Monetization of Infrastructure Assets in India: How Can Indian Companies Unlock Their Real Estate Asset?

As lenders and borrowers in India grapple with heavy debt levels, asset sales have been a strategy used by conglomerates to reduce leverage.

 

An aspect of asset sales that needs further focus in India is for corporations to realise that monetization of infrastructure assets in India or selling real estate can be a potential alternative to tapping the capital markets. This "unlocking of real estate value" need not be limited only to distressed borrowers, but should be deemed as an appropriate financial strategy from an efficient capital allocation perspective by the corporate world.

 

Corporates that have significant real estate holdings such as those engaged in retail (Aditya Birla Fashion & Retail Ltd.), hospitality (ITC) and healthcare services (Wockhardt Hospitals), amongst others, need to clearly demarcate the value of the business that they derive from their core activity vs. the value they derive from their real estate portfolio.

 

For example, a hospital chain can use a Real Estate Investment Trust (REIT) structure to monetize its property assets to pursue further growth, assuming that capital raised through the REIT is cheaper than issuing debt or equity.

 

Real estate sales can add substantial value to banks which have high NPA (Non-Performing Asset) ratios, especially those which stand at more than INR8 lakh crore, as per an estimate by CapitalinePlus. Most public sector banks (PSBs) hold properties with market value running into thousands of crores. These banks need to work with cash-rich asset buyers to do a transaction where the bank sells the asset to the prospective buyer and then leases the asset back for use. This financial transaction will allow the bank to use the sale proceeds to infuse capital into its own balance sheet.

 

Such capital infusion strategies have been used in more developed markets such as the US to unlock real estate value.
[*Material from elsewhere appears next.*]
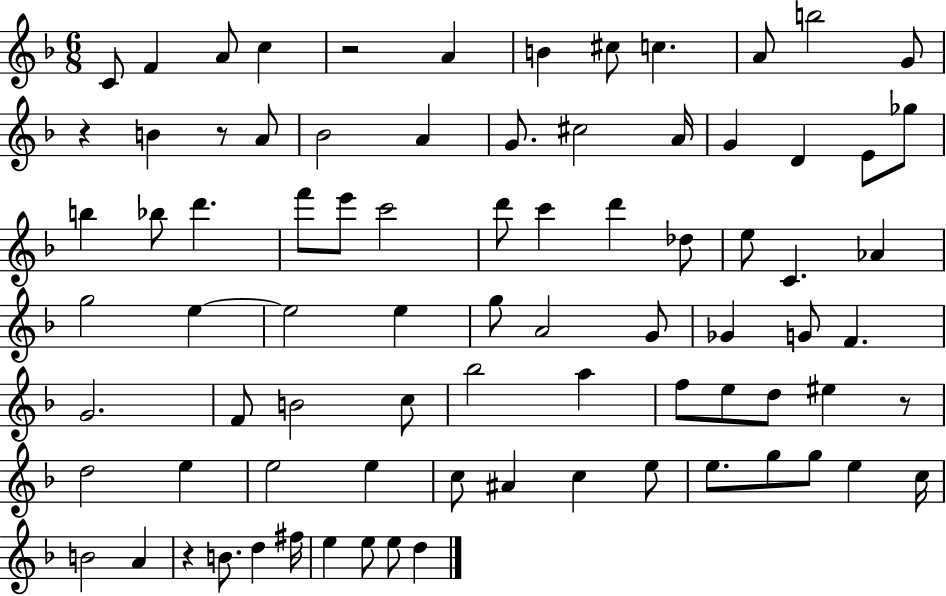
C4/e F4/q A4/e C5/q R/h A4/q B4/q C#5/e C5/q. A4/e B5/h G4/e R/q B4/q R/e A4/e Bb4/h A4/q G4/e. C#5/h A4/s G4/q D4/q E4/e Gb5/e B5/q Bb5/e D6/q. F6/e E6/e C6/h D6/e C6/q D6/q Db5/e E5/e C4/q. Ab4/q G5/h E5/q E5/h E5/q G5/e A4/h G4/e Gb4/q G4/e F4/q. G4/h. F4/e B4/h C5/e Bb5/h A5/q F5/e E5/e D5/e EIS5/q R/e D5/h E5/q E5/h E5/q C5/e A#4/q C5/q E5/e E5/e. G5/e G5/e E5/q C5/s B4/h A4/q R/q B4/e. D5/q F#5/s E5/q E5/e E5/e D5/q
This assists the bank to create a more efficient balance sheet and focus on its core business of banking, while the real estate asset is managed by a specialist investor.

 

In addition, corporates in India must look at real estate asset monetization as an alternative to raising capital through IPOs and issuing debt. By the very nature of the lease payments involved in a sale and leaseback arrangement, there are similarities between real estate asset monetization and debt.

 

However, it is important to factor in the debt issuance cost vs. the cost of funding through real estate monetization. A corporate may find it cheaper to monetize the value of the real estate portfolio vs. having to either issue debt or dilute equity, especially when credit markets are unfavourable. To further emphasise the importance of real estate asset monetization, we think corporates that have borrowed over the last six years can use this strategy to refinance their debt.

 

In India, base rates from the RBI have headed lower from 8% in 2014 to the current 6%. For corporates refinancing their debt by releasing capital from real estate sales provides an opportunity to bring down interest servicing costs by over 200 basis points in some cases to reflect the lower base rate.

 

This will allow corporates to invest in new businesses -- investments which lead to new jobs. This strategy can be used by both distressed and non-distressed companies. The key is for the corporations in India to be able to utilise the value of the real estate portfolio to make the best financing decision.

 

When each corporation tries to make better financing decisions, capital within the economy finds the best use, which in turn improves economic prospects for the country.

 

Real estate asset monetization is not without complexities. There can be issues around ownership of assets vs. control of assets, but clear legal agreements at the outset are useful in putting such issues to rest. Nevertheless, real estate monetization is a path that must be actively looked at and pursued in India much beyond it simply being a last resort for the distressed borrower.